The data below:
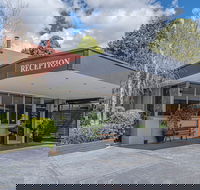 Cotswold Gardens - Accommodation Whitsundays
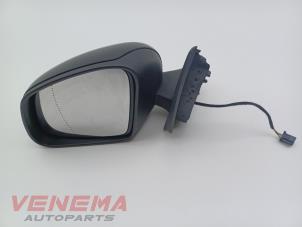 Gebruikte Spiegel Buiten links Renault Twingo III (AH) 1.0 SCe 70 12V Prijs € 99,99 Margeregeling aangeboden door Venema Autoparts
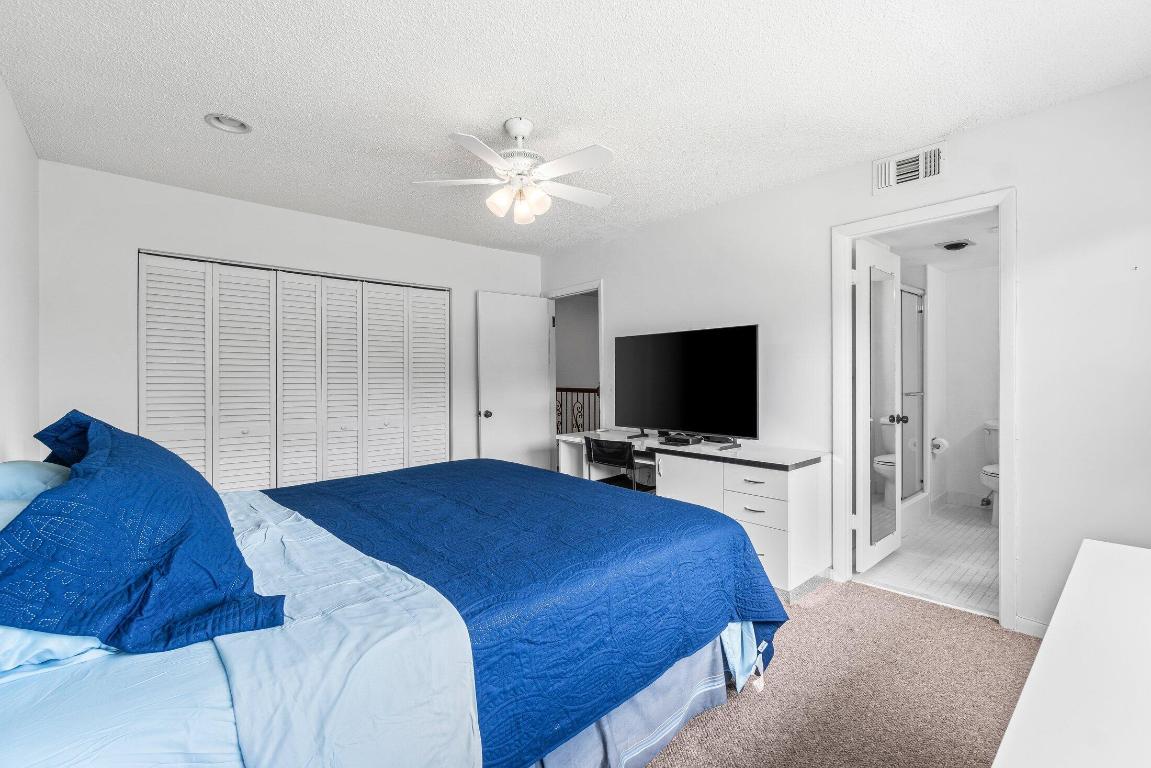 SOUTHPORT AT HUNTERS RUN CONDO - Residential Lease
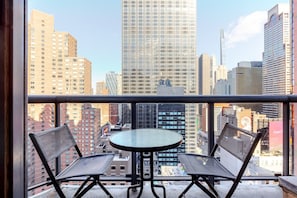 Outdoor dining - Blueground | Midtown West, gym & AC, nr Times Sq (Midtown)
End of The data.
The material above is to be transcribed exactly, with all pictures omitted.

* **Solution to this task**
 Cotswold Gardens - Accommodation Whitsundays
 Gebruikte Spiegel Buiten links Renault Twingo III (AH) 1.0 SCe 70 12V Prijs € 99,99 Margeregeling aangeboden door Venema Autoparts
 SOUTHPORT AT HUNTERS RUN CONDO - Residential Lease
 Outdoor dining - Blueground | Midtown West, gym & AC, nr Times Sq (Midtown)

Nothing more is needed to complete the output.